Building an entirely new bioproduct mill or modernise the current pulp mill
The options available at Kemi number exactly two: Building an entirely new bioproduct mill with clearly higher production volumes and wood consumption. This would bring more than five hundred new jobs to harvesting and transport. The other option would be to modernise the current pulp mill. This would keep production volumes and the employment effect unchanged.
The prefeasibility study will be finished by the summer of 2019. According to Timo Merikallio, the head of the project, the most important thing in building the new mill is an investigation of the wood supply and logistics – in other words, the transportation of the wood and products to global markets.
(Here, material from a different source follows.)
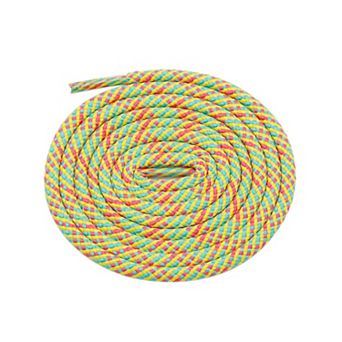 2 Pairs Round Rope Checkered Shoelaces Colorful Shoe Laces for 55.1"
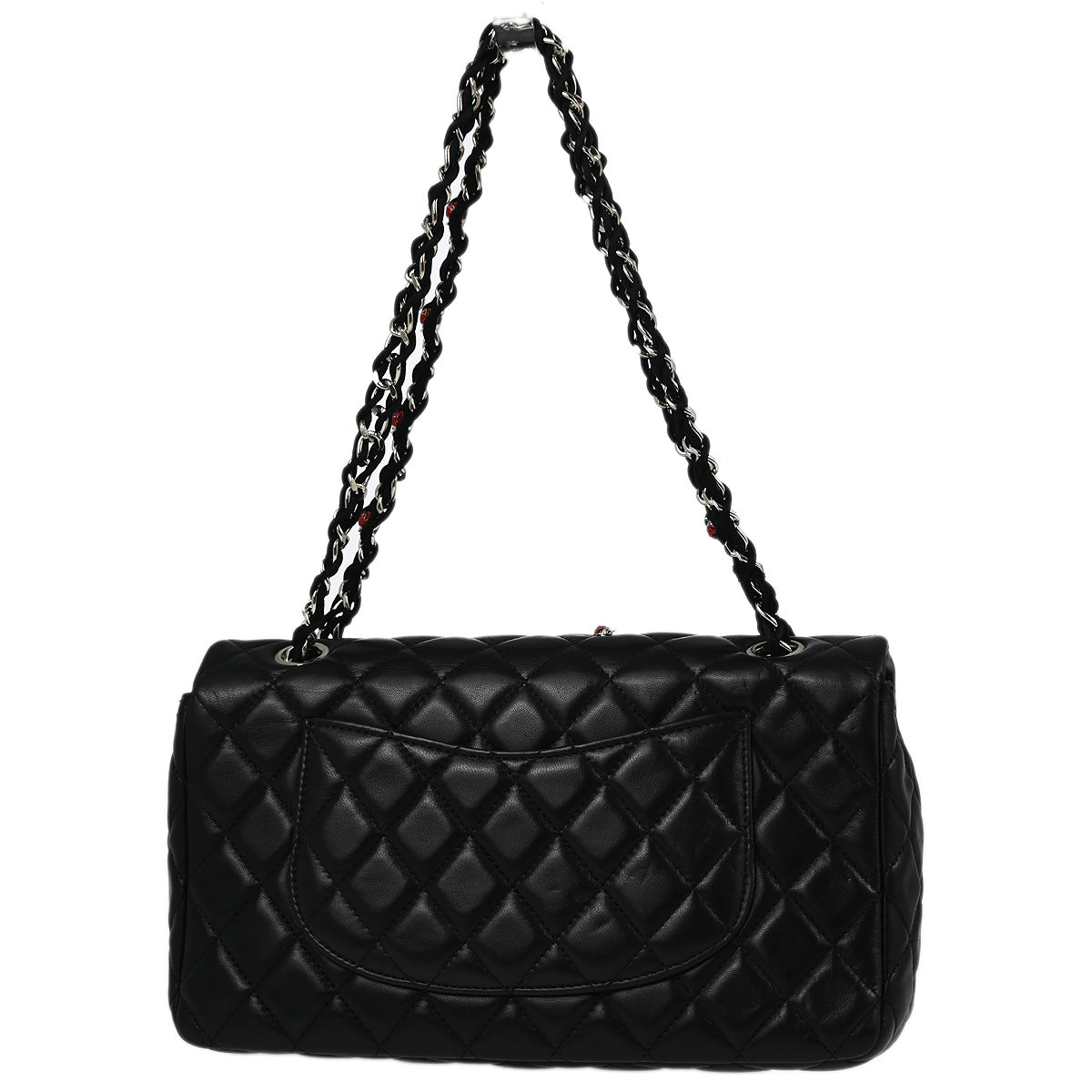 Chanel 2010-2011 Lambskin Ladybug Medium Classic Single Flap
“If the capabilities for that cannot be found, we’ll go for option two.”
The audience played an active role in the discussion. Tuire Kourula, who hails from Kemi, asked whether the forests have enough wood for the first option. According to Juha Mäntylä, Executive Vice President, Metsä Group, the new bioproduct mill would impact wood flows in the entire Baltic Sea area. In Finland, pulpwood felling can be increased sustainably, in the first phase, by six million cubic metres a year and, starting from 2025, by nine million cubic metres a year. The new bioproduct mill at Äänekoski will be using part of this felling potential.
Mäntylä estimates that the felling potential will increase by another two or three million cubic metres once the new national forest inventory figures will be published. The new Kemi bioproduct mill would use 6.7 million cubic metres of wood: 3.6 million cubic metres more than the current mill – and approximately the same volume as the new mill at Äänekoski consumes. Mäntylä added that the good news is that the potential for pulpwood is found particularly in northern Finland.
At the end of the event, Ismo Nousiainen revealed that the new bioproduct mill project goes by the name of Polar King. The name was suggested by the company’s personnel in Kemi mills.
“We already have a queen, the Polar Queen, in Kemi – our paperboard machine. Now our plan is to introduce a new royal/polar match: the Polar Queen and the Polar King!”